The number of load modules reduced to 9 because the one servicing the above client request had been ended by the aefad due to the failed DB connection.
***gen86 1111507 1 0 Dec04 ? 00:00:03 aefad -i 3000 -a 200 -m 200 -p 13 -s 11 -t 31
gen86 1111510 1 0 Dec04 ? 00:00:00 aefuf -i 3001 -c 3000 -t 31
gen86 1222754 1111507 0 17:33 ? 00:00:00 P900 -t 31 000 000
gen86 1222793 1111507 0 17:34 ? 00:00:00 P900 -t 31 000 000
gen86 1222796 1111507 0 17:34 ? 00:00:00 P900 -t 31 000 000
gen86 1222805 1111507 0 17:34 ? 00:00:00 P900 -t 31 000 000
gen86 1222808 1111507 0 17:34 ? 00:00:00 P900 -t 31 000 000
gen86 1222818 1111507 0 17:34 ? 00:00:00 P900 -t 31 000 000
gen86 1222830 1111507 0 17:35 ? 00:00:00 P900 -t 31 000 000
gen86 1222841 1111507 0 17:35 ? 00:00:00 P900 -t 31 000 000
gen86 1222911 1111507 0 17:36 ? 00:00:00 P900 -t 31 000 000
gen86 1223160 1222241 0 17:42 pts/8 00:00:00 ps -fugen86
***
e. Restart database
f. Continue to use client and still receive error.
That is because each of the remaining 9 load modules connected to the DB when it started and that connection is now stale/unusable even though the DB has been restarted. So the failed client request process continues in the same manner until all 10 load module copies have ended. On request #11 a new P900 is loaded which successfully connects to the restarted DB and the client request is successful.
For any loaded Gen server load modules whose initial connection was successful even after the Oracle issue is resolved the load module connection becomes stale/unusable.
Any client requests will continue to use those servers which then fail and are ended by the aefad.
That process will continue until all originally loaded servers have failed/ended. Later requests will then cause a new server to be loaded which successfully connects to the restarted DB and the client request is successful.
In summary, without any intervention, to complete the recovery requires all running server load modules (previously connected successfully to Oracle) to be reused at which point they will fail and are terminated.

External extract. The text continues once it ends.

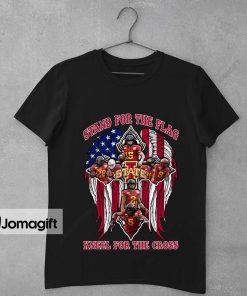 Iowa State Cyclones Stand For The Flag Kneel For The Cross Shirt 1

There is no runtime user exit available to add code to handle a database connection failure for a load module after its connection is initially successful, so the behaviour cannot be changed.
Instead of waiting for the load module to be used for it to be ended:
/delete 200 SERVER1#enter#
#PF3#
aefc -i aefad_port -p delete_all_playback -b -d 0
To minimise human intervention perhaps some automation script/process could be used to detect the loss of the database connection i.e. that script/process watches for a database failure and after the connection is restored the script restarts the aefad/aefuf or uses the playback script.
This behaviour applies to any target database and not just Oracle.